The finished product is well worth it, however. The aroma of seollangtang (also known as sulung tang in Korean) is rich and meaty, and the broth sticks to the roof of your mouth. Scrumptious!
You can serve the soup with just rice and kimchi, or you can make it with radish and add sliced brisket meat and noodles for an even more delicious meal. Seollangtang is usually served almost bland so that each person can add his or her own amount of salt, pepper, and scallions. The bland taste is likely a plus if you have the typical American or Western palette and can't tolerate spicy foods well.
- 2 pounds of ox bones and any attached meat (leg and knuckle bones)
- 4-5 cloves of garlic (chopped)
- 1/2 inch of ginger (thinly sliced)
- 1 pkg. Korean sweet potato noodles or Korean thin wheat noodles (dangmyun, cellophane, gooksu)
- Optional: 1 large Korean radish (peeled, halved, and sliced)
- Optional: brisket meat (cooked and thinly sliced)
- For serving: chopped scallions, sea salt, freshly ground pepper
Rinse and soak the bones for two hours in cold water. Discard the water.
Bring a large pot half-full of water to boil. Boil the bones for five minutes, remove from pot, and discard the water again.
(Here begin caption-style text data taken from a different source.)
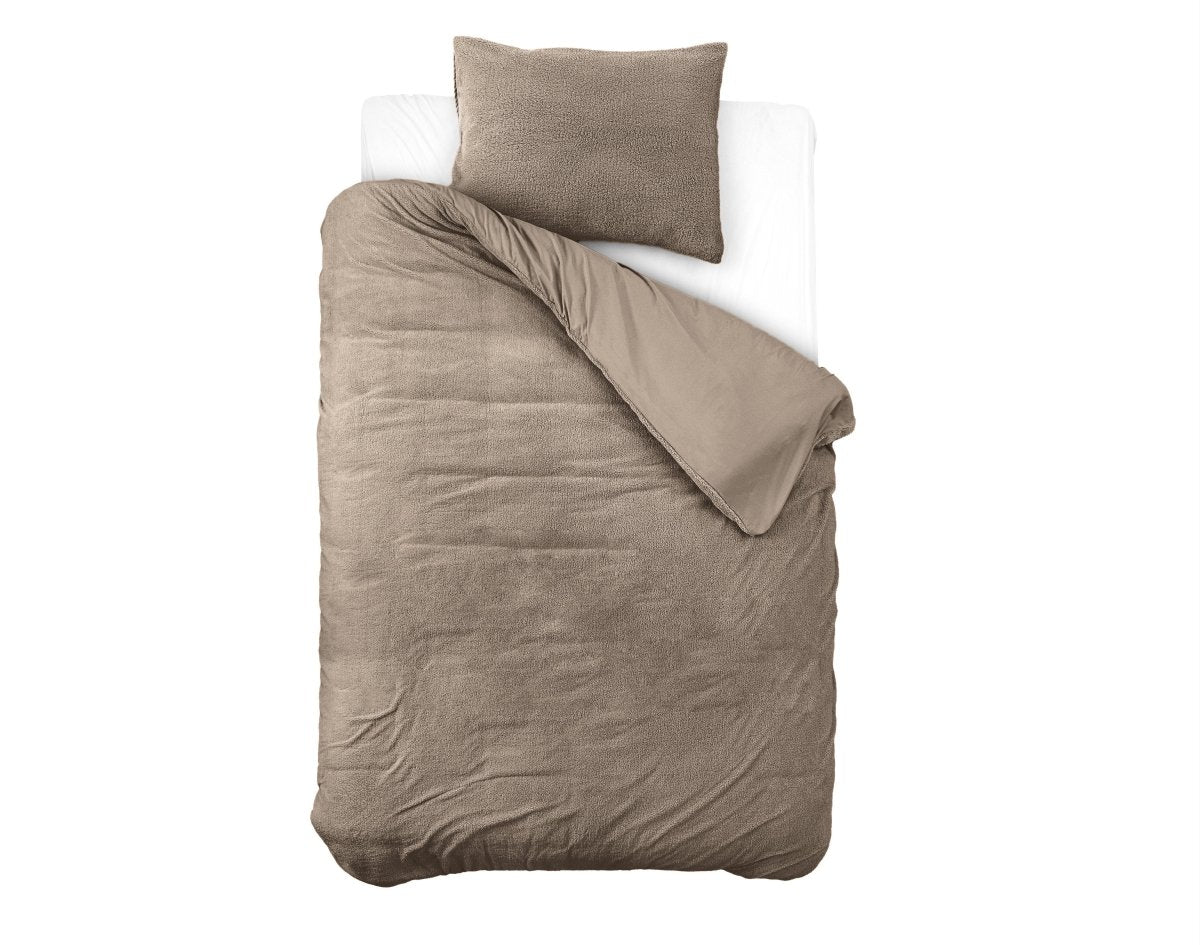 Teddy Fleece Duvet Cover Set | Deep Taupe | Single - 140cm (W) x 220cm (L) - The Bedding & Blankets Store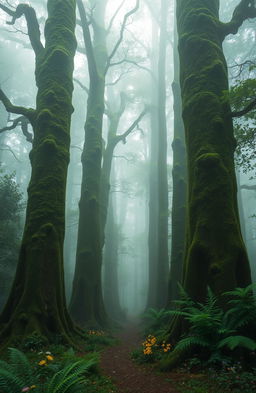 A mystical misty forest scene with tall, ancient trees shrouded in fog, their trunks covered in vibrant green moss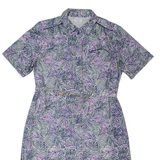 Belted Womens Pencil Dress Pink 90s Crazy Pattern Short Sleeve Midi L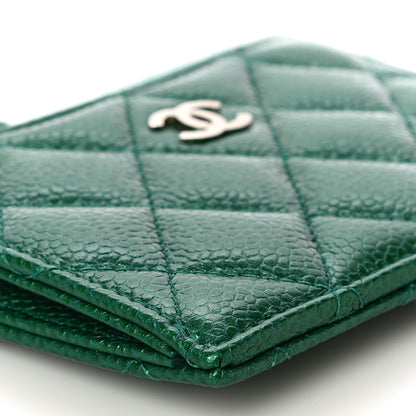 Chanel Metallic Caviar Quilted CC Zip Card Holder Green 9 of 11
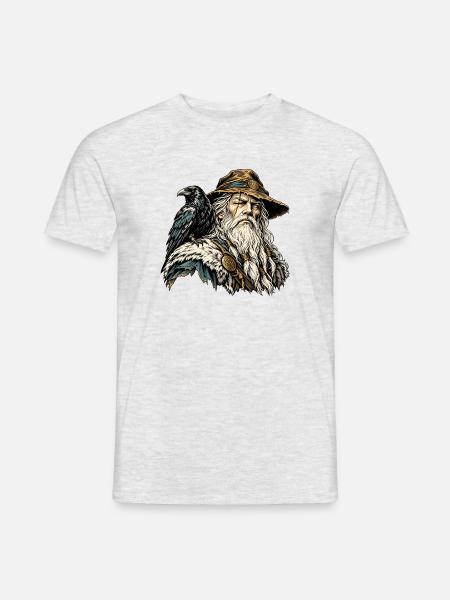 Odin mit Rabe – Nordischer Allvater - Männer T-Shirt - Grau meliert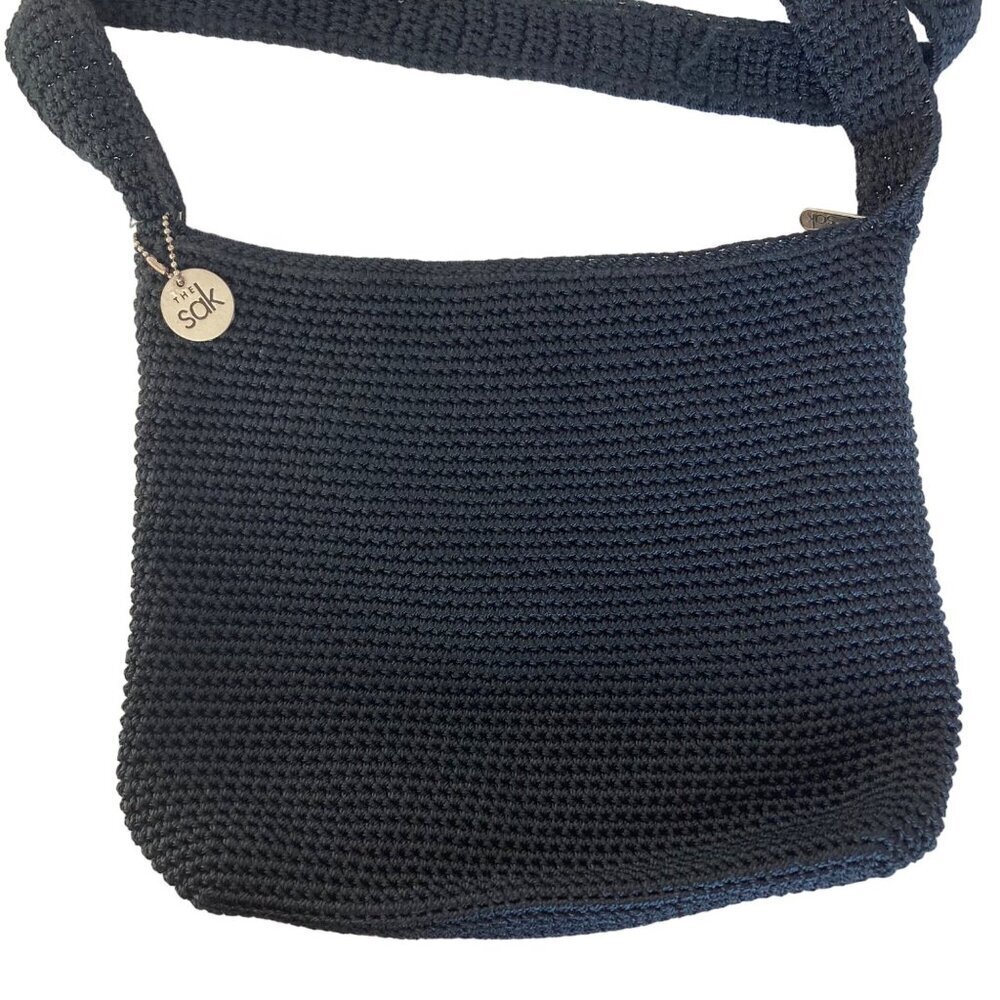 The Sak Black Crochet Shoulder Bag Lined Pockets Handmade Boho Festival Goth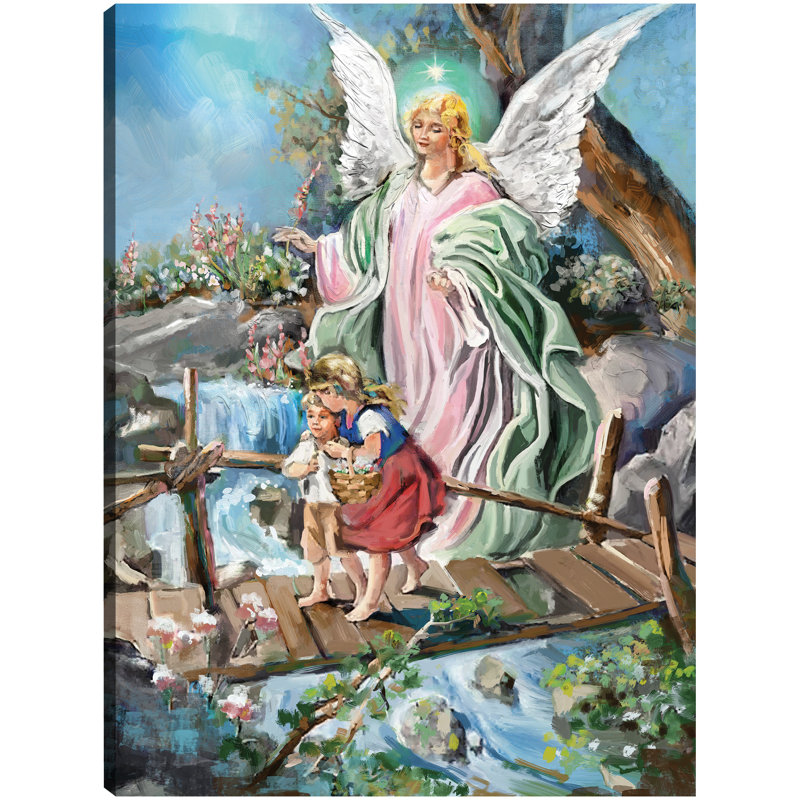The Guardian Angel by Studio Arts Canvas Art Print, 14" H x 11" W x 1.5" D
Put ox bones in the large pot, and cover with a lot of water (~30 cups, 1.5 gallons, 8 quarts).
Bring to a boil.
Reduce heat to a hard simmer, and cook for 1 hour.
Reduce heat to medium and a lower simmer. Then cook for 4 to 6 hours, skimming fat, foam, and anything else off the surface.
Add ginger and garlic (and radish, if using), and simmer for another 1 to 2 hours.
Remove bones and seasonings (and radish, if using), and skim fat again before serving.
For a perfectly smooth broth, cool soup, and skim fats when they rise.
Serve with rice (and noodles and meat, if using) and small bowls of sea salt, pepper, and chopped scallions for seasoning to allow your dinner mates to spice the food as they see fit.